Unseen Winnie the Pooh sketches to be auctioned after decades under bed
- Published
A woman found two sketches of Winnie the Pooh - drawn for her by illustrator EH Shepard - in a box under a bed where they had been kept for 60 years.
The artist whipped up the unsigned originals for Tina Thornber after his wife invited her to their home in Guildford, Surrey.
Mrs Thornber, who worked at a hairdresser's at the time, said she had no idea who her client's husband was.
The artworks are expected to fetch up to £3,000 at auction next month.
Mrs Thornber recalled: "I was a teenager, about 17 or 18, working at Stewarts the hairdresser in Guildford.
"Mrs Shepard was one of my clients and one day we were talking about art and I was saying how I liked drawing.
"She told me that her husband drew and invited me to visit them at their home so that he could do me a drawing.
"I went up there on my bike and when I arrived went into his study where he drew me the pictures."

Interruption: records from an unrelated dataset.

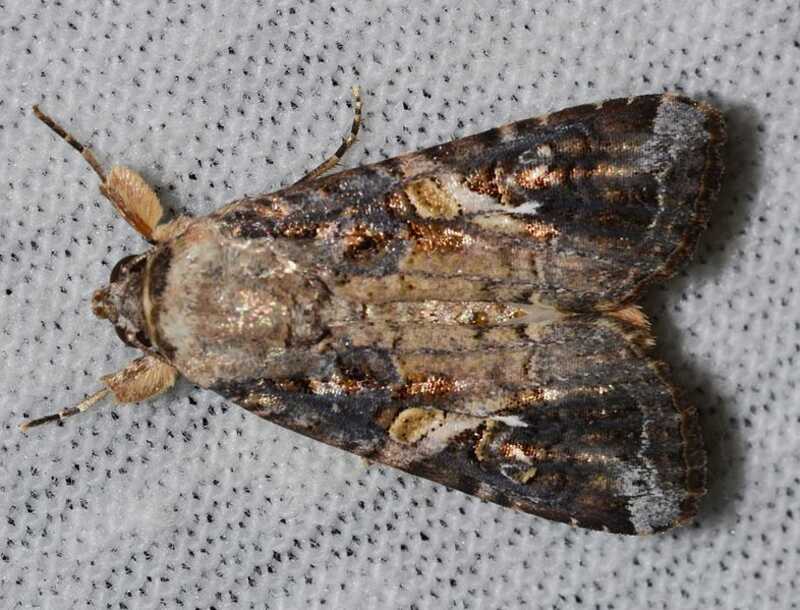 A close up of a fall armyworm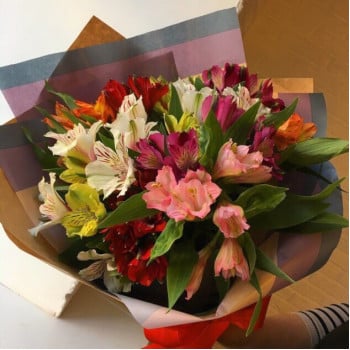 Carpe diem Carpe diem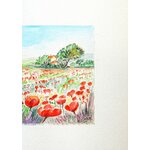 coquelicots provence droit c8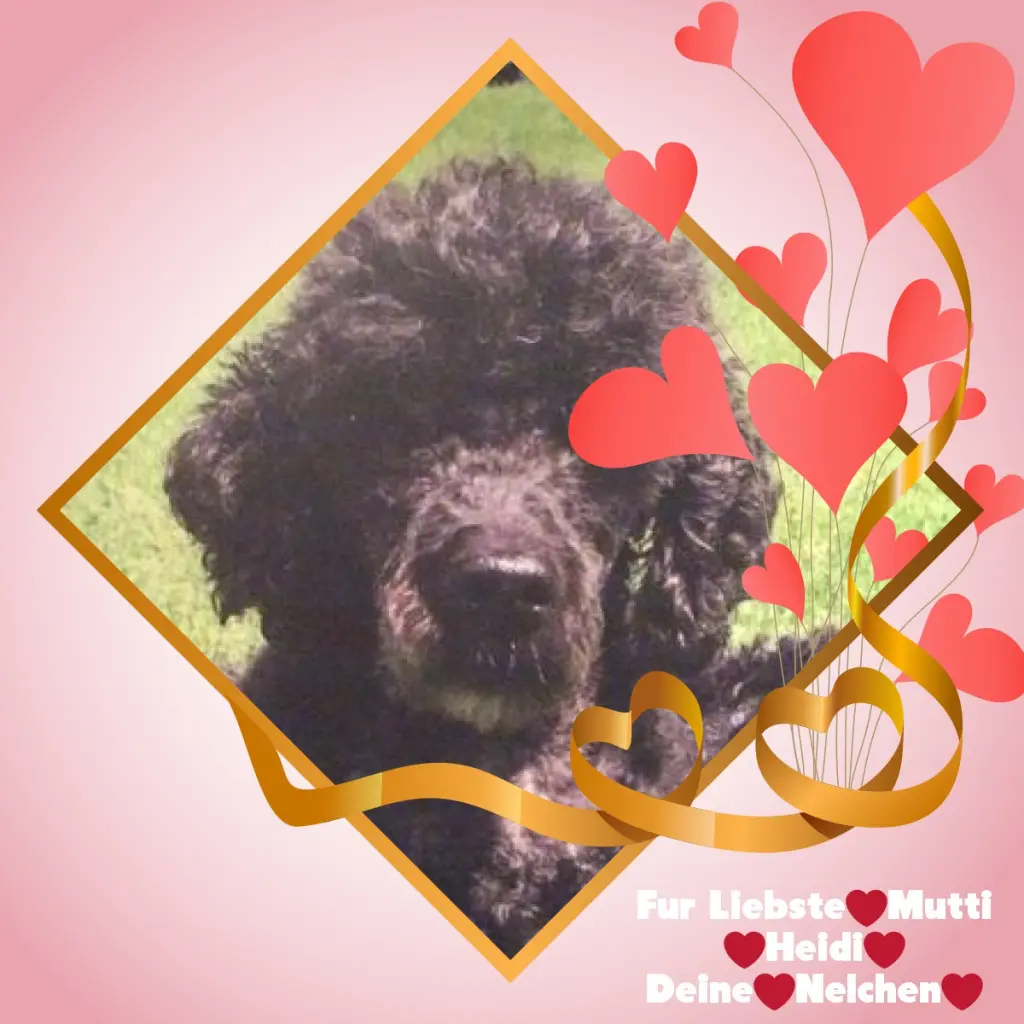 Condolence image of ❤️❤️❤️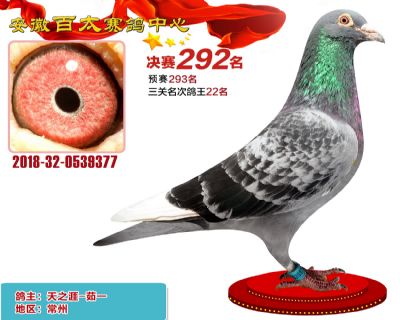 安徽百太决赛292名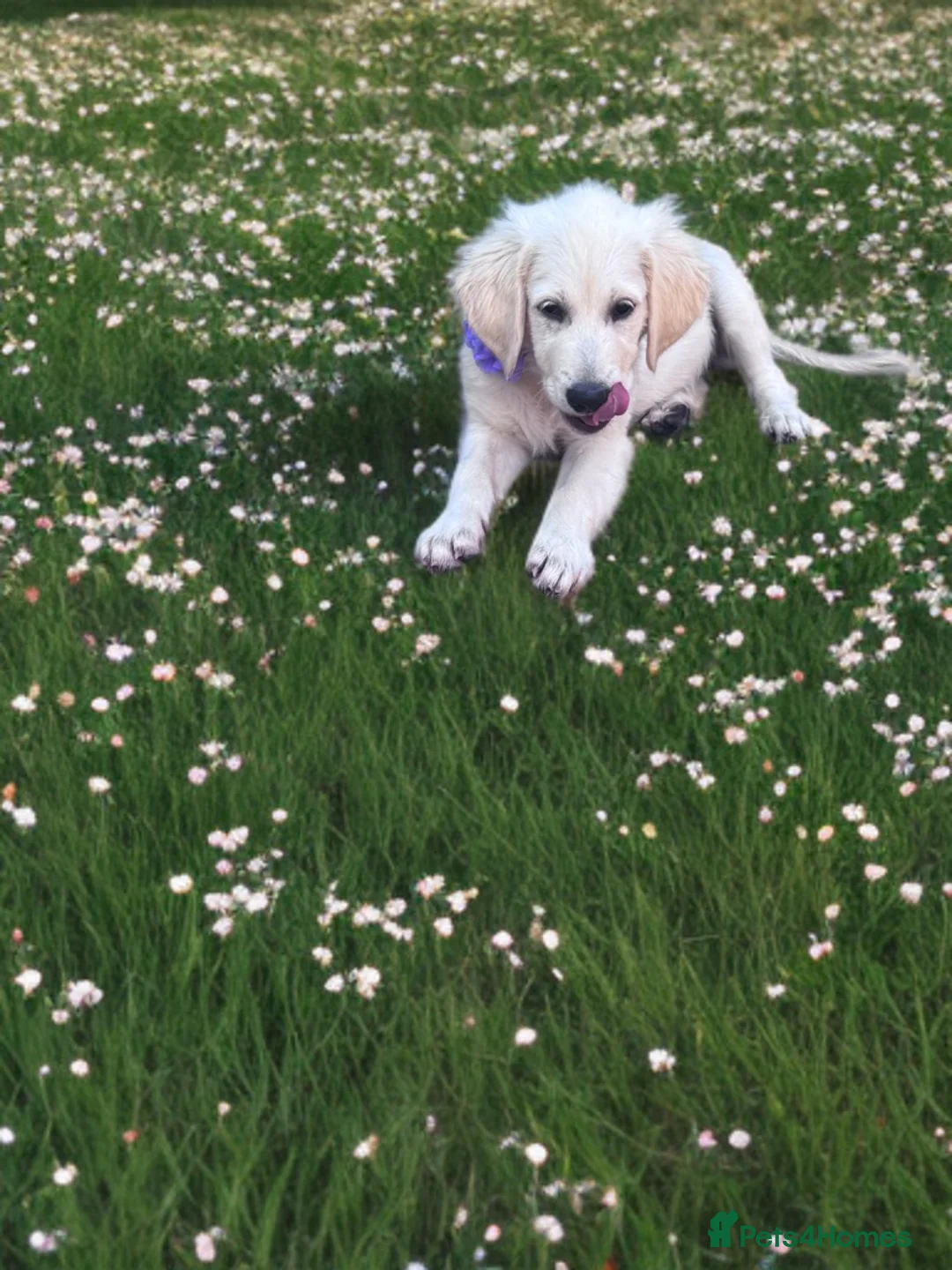 Golden Retriever dogs for sale: ❤️❤️❤️ Beautiful KC Golden Retriever puppies❤️❤️❤️ - Advert 2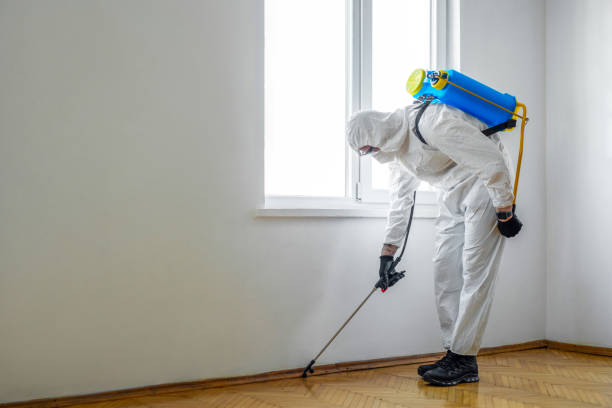 Best Emergency Pest Control  in Trinity, TX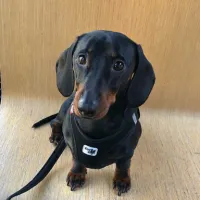 Client comments for Joon Dog Tours After their experience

Mrs Thornber rediscovered the drawings when she was clearing some of her things, and added them to other items she was putting aside for auction.
"I didn't really think about them until the auction specialist took an interest. I was amazed," she said.
Dating back to 1959/60, one ink sketch features Pooh and Christopher Robin, while the other shows a queue for "Tikits" at the railway station, with Piglet, Pooh, Kanga and Eeyore.
Shepard was the illustrator of Winnie the Pooh and its associated stories, which were created and written by AA Milne.
"Unseen works like this by EH Shepard are a rarity these days," said auctioneer Chris Ewbank.
"It is even rarer to have a consignment with primary source provenance that places the consignor in the room with the artist as he drew them."
The drawings have been given estimates of between £2,000 and £3,000 when they go under the hammer at Ewbank's Auctions on 28 November.